Ongoing discussions around private participation through franchising or performance-based partnerships should advance with consensus. The objective is operational efficiency, financial discipline, and improved service — not privatisation for its own sake.
2. Advance Financial Sustainability Across the Chain
The sector cannot thrive on bailouts. A financially self-reliant power sector is within reach. To reinforce this trajectory:
1. Clear the $2.5 billion arrears transparently and sequentially to rebuild confidence among IPPs and fuel suppliers.
2. Rationalise tariffs using smart cross-subsidies to protect vulnerable households while ensuring competitive pricing for industry.
3. Mobilise domestic long-term capital from pensions, insurers, and bonds to finance infrastructure, reduce forex exposure, and strengthen Ghana’s capital markets and external position.
3. Align Power Allocation with Productive Use
Electricity must power factories, farms, digital systems, and exports — not just households. As Ghana eyes a 24-hour economy, power should flow where it delivers the highest returns: jobs, value-added output, and stronger fiscal performance.
This calls for policy coordination between energy and economic planners to ensure electricity allocation supports national development goals.
4. Deepen Competitive Procurement for Generation
Ghana’s generation portfolio has grown, but not always efficiently. The next phase should focus on least-cost, demand-driven capacity, selected through transparent, competitive bidding processes.
The Energy Commission’s Integrated Resource Plan (IRP) is a step forward. However, unsolicited take-or-pay contracts must be phased out.
5. Scale Renewable Energy, Especially Solar
Solar energy can transform Ghana’s energy mix by:
1. Reducing fuel import bills
2. Improve our balance of payments position
3. Stabilising long-term energy costs
4. Enhancing energy security
With appropriate incentives, Ghana can unlock utility-scale and embedded solar across industrial parks, government buildings, and rural areas. Renewables are no longer an option for the future — they are a necessity for now.
6. Enable Private Investment in Transmission
Transmission is vital to industrial expansion and regional trade — yet remains underfunded. Ghana
should open the door to private capital via PPPs and Independent Transmission Projects (ITPs), especially along industrial corridors and cross-border interconnectors.
7. Leverage Regional Trade: Powering West Africa, Earning for Ghana
Ghana has the potential to become a net energy exporter. Infrastructure like the Ghana–Burkina Faso interconnector is already in place. With a maturing West Africa Power Pool (WAPP) and ECOWAS trade protocols, Ghana can:
1. Monetise excess capacity (if any)
2. Earn foreign exchange
3. Improve plant utilisation
4. Strengthen regional influence
Exporting power could become a strategic fiscal buffer and foreign currency earner.

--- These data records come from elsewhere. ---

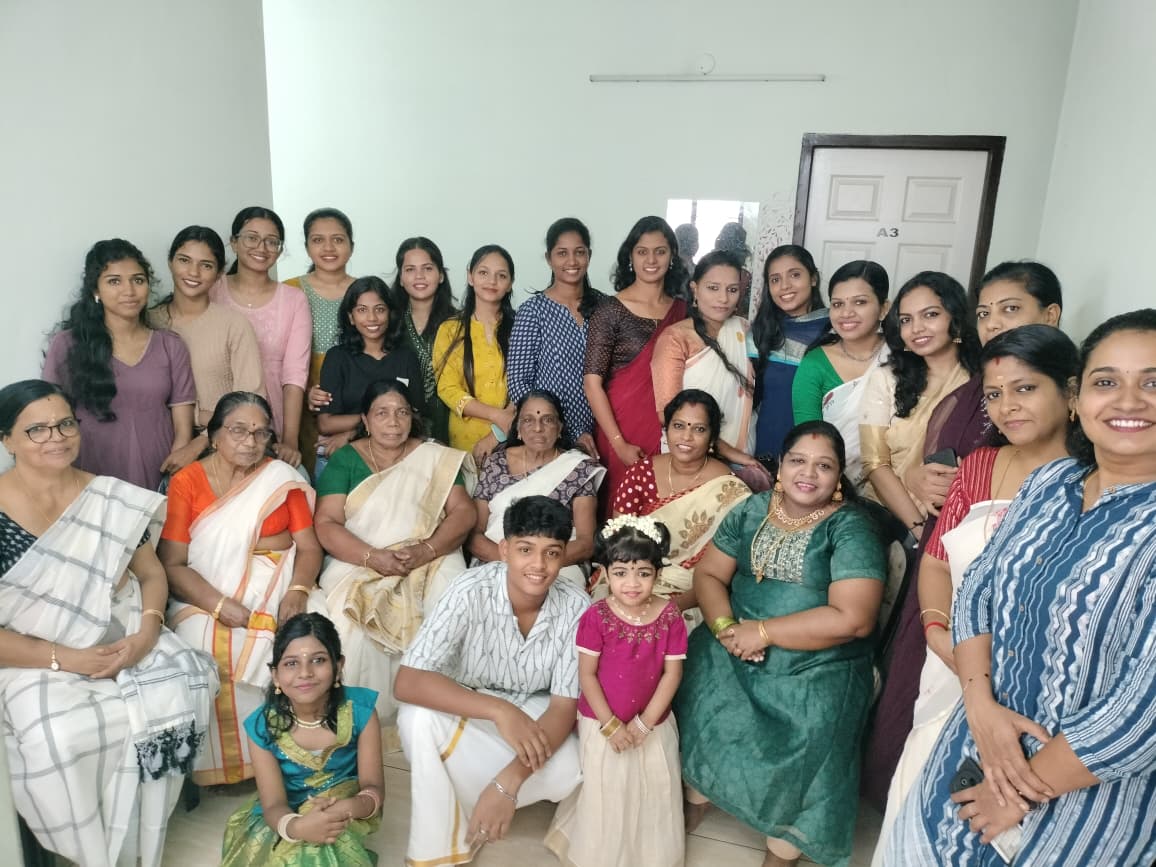 Ladies hostel pg navami – Girls PG in Kochi preview photo 2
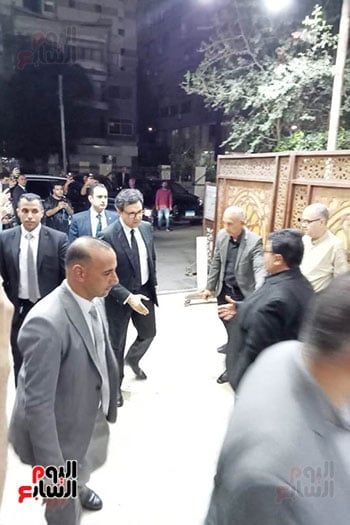 وزير الثقافة وأحمد بدير ومحمد محمود يحضرون عزاء شقيق خالد جلال.. صور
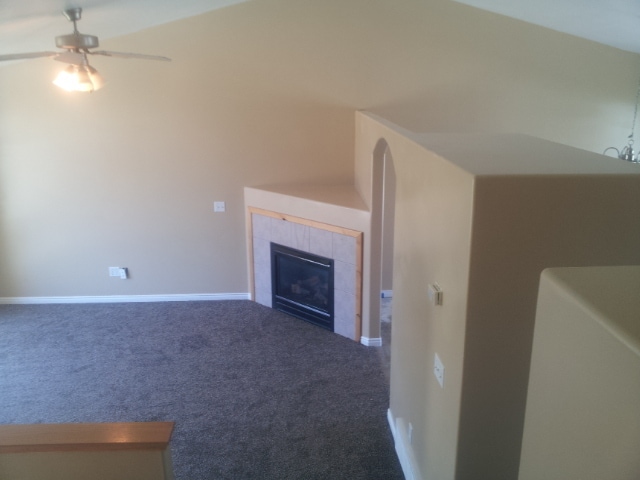 Building Photo - Beautiful home with 2 car garage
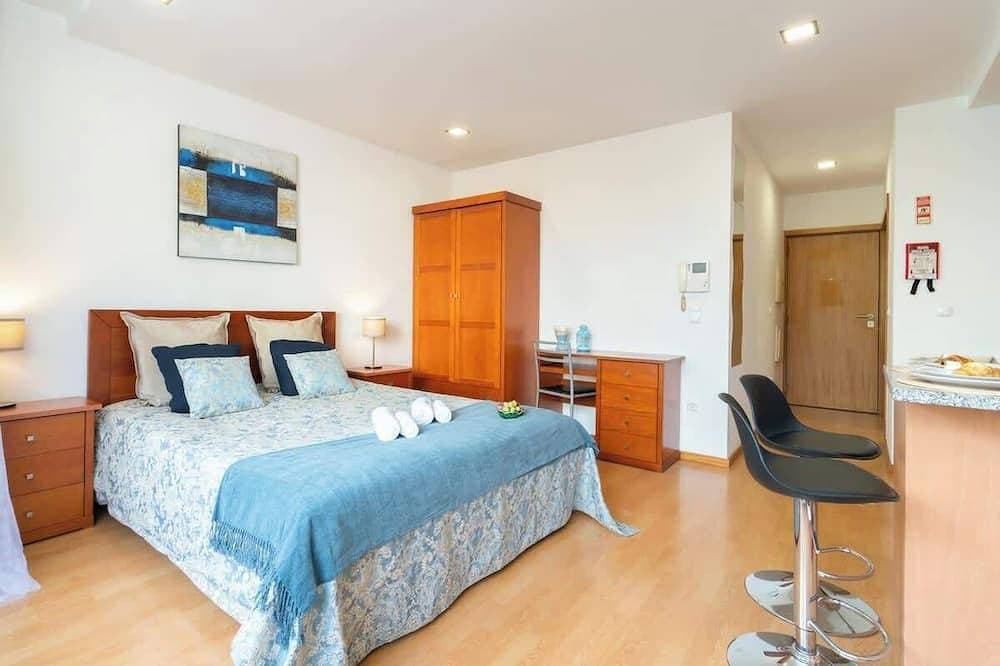 Roomy Flat | Terrace 1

8. Strengthen Institutions and Market Mechanisms
Reform is gaining traction across PURC, GRIDCo, ECG, and the Energy Commission. The next step
is:
• Strengthening coordination and contract enforcement
• Expanding the Wholesale Electricity Market (WEM) into a mainstream trading platform with transparent pricing and independent oversight
Conclusion: Let’s Reset with Purpose
Ghana’s energy sector is not broken — but it is underperforming. The path to transformation is clear:
Fix what’s weak. Accelerate what’s working. Align with our economic priorities.
With a new government in place and a sector minister working with urgency, this is our window to reset the energy sector — not with hesitation, but with clarity, conviction, and collective purpose.